As Ryan says, the tsc compiler has a switch --declaration which generates a .d.ts file from a .ts file. Also note that (barring bugs) TypeScript is supposed to be able to compile Javascript, so you can pass existing javascript code to the tsc compiler.


The best way to deal with this (if a declaration file is not available on DefinitelyTyped) is to write declarations only for the things you use rather than the entire library. This reduces the work a lot - and additionally the compiler is there to help out by complaining about missing methods.


You can either use tsc --declaration fileName.ts like Ryan describes, or you can specify declaration: true under compilerOptionsin your tsconfig.json assuming you've already had a tsconfig.json under your project.


I would look for an existing mapping of your 3rd party JS libraries that support Script# or SharpKit. Users of these C# to .js cross compilers will have faced the problem you now face and might have published an open source program to scan your 3rd party lib and convert into skeleton C# classes. If so hack the scanner program to generate TypeScript in place of C#.

Failing that, translating a C# public interface for your 3rd party lib into TypeScript definitions might be simpler than doing the same by reading the source JavaScript.

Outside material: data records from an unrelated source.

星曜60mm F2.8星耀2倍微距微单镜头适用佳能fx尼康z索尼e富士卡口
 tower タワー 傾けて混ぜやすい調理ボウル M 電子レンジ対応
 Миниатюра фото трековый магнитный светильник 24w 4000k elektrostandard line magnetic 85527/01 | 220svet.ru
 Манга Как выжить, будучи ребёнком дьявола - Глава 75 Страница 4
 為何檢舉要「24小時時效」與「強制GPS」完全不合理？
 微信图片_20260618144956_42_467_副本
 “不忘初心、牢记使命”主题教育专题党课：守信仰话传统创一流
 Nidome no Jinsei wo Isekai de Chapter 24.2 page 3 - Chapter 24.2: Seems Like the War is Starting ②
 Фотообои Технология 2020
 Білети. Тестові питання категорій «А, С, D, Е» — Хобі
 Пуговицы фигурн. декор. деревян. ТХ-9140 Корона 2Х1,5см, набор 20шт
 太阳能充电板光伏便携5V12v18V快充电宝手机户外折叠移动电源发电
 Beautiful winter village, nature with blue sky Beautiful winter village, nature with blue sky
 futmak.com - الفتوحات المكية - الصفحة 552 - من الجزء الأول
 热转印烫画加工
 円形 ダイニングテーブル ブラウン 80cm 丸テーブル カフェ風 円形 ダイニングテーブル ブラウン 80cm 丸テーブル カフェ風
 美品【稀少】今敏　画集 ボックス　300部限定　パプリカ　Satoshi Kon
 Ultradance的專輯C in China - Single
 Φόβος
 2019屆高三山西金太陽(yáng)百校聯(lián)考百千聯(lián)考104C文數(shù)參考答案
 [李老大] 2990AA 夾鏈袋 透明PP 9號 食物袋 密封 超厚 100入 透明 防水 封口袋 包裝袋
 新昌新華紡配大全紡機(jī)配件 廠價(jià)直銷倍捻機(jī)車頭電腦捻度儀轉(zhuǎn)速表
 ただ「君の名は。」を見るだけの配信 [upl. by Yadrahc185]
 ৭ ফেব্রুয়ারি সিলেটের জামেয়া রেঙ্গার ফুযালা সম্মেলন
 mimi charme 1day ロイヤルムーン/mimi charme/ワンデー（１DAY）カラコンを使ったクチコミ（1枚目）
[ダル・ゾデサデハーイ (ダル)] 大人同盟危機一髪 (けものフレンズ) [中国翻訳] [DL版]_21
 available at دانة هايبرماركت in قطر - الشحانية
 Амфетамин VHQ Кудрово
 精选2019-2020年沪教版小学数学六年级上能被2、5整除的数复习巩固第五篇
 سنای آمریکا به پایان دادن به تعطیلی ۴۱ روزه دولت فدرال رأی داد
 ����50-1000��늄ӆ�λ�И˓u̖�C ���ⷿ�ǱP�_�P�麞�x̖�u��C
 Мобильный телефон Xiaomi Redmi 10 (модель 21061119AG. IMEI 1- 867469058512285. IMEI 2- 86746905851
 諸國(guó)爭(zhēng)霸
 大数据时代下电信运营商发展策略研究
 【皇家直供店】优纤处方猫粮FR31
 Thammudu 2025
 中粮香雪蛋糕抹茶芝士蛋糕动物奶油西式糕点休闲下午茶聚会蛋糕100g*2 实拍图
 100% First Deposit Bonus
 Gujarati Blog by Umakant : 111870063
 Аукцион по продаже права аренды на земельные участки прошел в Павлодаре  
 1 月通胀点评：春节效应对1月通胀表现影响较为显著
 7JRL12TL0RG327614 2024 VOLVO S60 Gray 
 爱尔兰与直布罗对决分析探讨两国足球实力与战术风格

My special interest is Sencha's ExtJS RIA framework and I know there have been projects published to generate a C# interpretation for Script# or SharpKit


Here is some PowerShell that creates a single TypeScript definition file a library that includes multiple *.js files with modern JavaScript.

First, change all the extensions to .ts.

Get-ChildItem | foreach { Rename-Item $_ $_.Name.Replace(".js", ".ts") }

Second, use the TypeScript compiler to generate definition files. There will be a bunch of compiler errors, but we can ignore those.

Get-ChildItem | foreach { tsc $_.Name  }

Finally, combine all the *.d.ts files into one index.d.ts, removing the import statements and removing the default from each export statement.

Remove-Item index.d.ts; 

Get-ChildItem -Path *.d.ts -Exclude "Index.d.ts" | `
  foreach { Get-Content $_ } | `
  where { !$_.ToString().StartsWith("import") } | `
  foreach { $_.Replace("export default", "export") } | `
  foreach { Add-Content index.d.ts $_ }

This ends with a single, usable index.d.ts file that includes many of the definitions.